An asset class recession essentially means that the economy as a whole would not contract – and unemployment might not rise much from its recent 50-year low – but markets and asset values would suffer a prolonged blow, and most of the pain would be concentrated on those who rely on the value of their investments in addition to or instead of their salaries. Equities in particular have been a bigger and bigger piece financial assets of US households in recent years. In fact, Americans haven’t been invested in the stock market at this rate since 2008.
Share ownership now reaches 61% of American households, the same rate as in 2008, according to a Gallup poll released on Wednesday.
Americans abruptly ditched dependence on stocks as they lost $7.4 trillion in stock wealth between July 2008 and March 2009, according to the Federal Reserve, the equivalent of each American household losing an average of $66,200.

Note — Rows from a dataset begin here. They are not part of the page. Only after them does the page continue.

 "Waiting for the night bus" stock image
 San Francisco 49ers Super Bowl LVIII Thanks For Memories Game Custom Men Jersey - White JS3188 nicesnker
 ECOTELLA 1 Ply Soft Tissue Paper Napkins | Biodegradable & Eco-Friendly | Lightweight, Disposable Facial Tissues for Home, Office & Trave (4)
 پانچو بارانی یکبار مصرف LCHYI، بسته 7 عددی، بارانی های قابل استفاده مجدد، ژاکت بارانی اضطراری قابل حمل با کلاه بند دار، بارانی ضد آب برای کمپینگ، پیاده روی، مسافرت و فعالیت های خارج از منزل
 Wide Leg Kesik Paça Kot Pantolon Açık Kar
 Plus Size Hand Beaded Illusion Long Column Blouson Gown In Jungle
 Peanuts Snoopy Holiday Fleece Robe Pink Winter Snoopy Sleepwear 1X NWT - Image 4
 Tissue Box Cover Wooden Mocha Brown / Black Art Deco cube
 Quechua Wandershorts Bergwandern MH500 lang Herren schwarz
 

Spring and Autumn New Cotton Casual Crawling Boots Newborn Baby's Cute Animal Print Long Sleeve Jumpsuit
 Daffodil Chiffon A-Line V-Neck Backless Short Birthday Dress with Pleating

Falling market values during the crisis likely derailed or delayed the plans of many potential new investors, Gallup found, leading to a decade of relatively low equity ownership. Between 1998 and 2008, the average shareholding rate was around 61%, while in the decade following 2009, around 54% of households on average held shares. Possession rates hit a low of 52% in 2013 and 2016.
However, shareholding rates have been rising steadily since 2020, and those who have returned to the market since then have likely caused a stir, as the value of the S&P 500 has risen more than 27% since the start of 2020.
America’s love/hate affair with stocks
But the near future might not be so bright for stock owners. A year of rising interest ratesA banking crisisand a stalemate on the US debt ceiling that could possibly causing the government to momentarily default on its debt undermined confidence in the market.
And despite a rally earlier this year that sent the S&P 500 up around 7%, some senior Wall Street analysts have warned that the brief respite could end as another bear market trap. Mike Wilson, Morgan Stanley’s chief U.S. equity strategist who correctly predicted last year’s market sell-off, warned in a note this week that various economic risks, including the debt ceiling debate, are likely to keep the bear market alive for a bit longer.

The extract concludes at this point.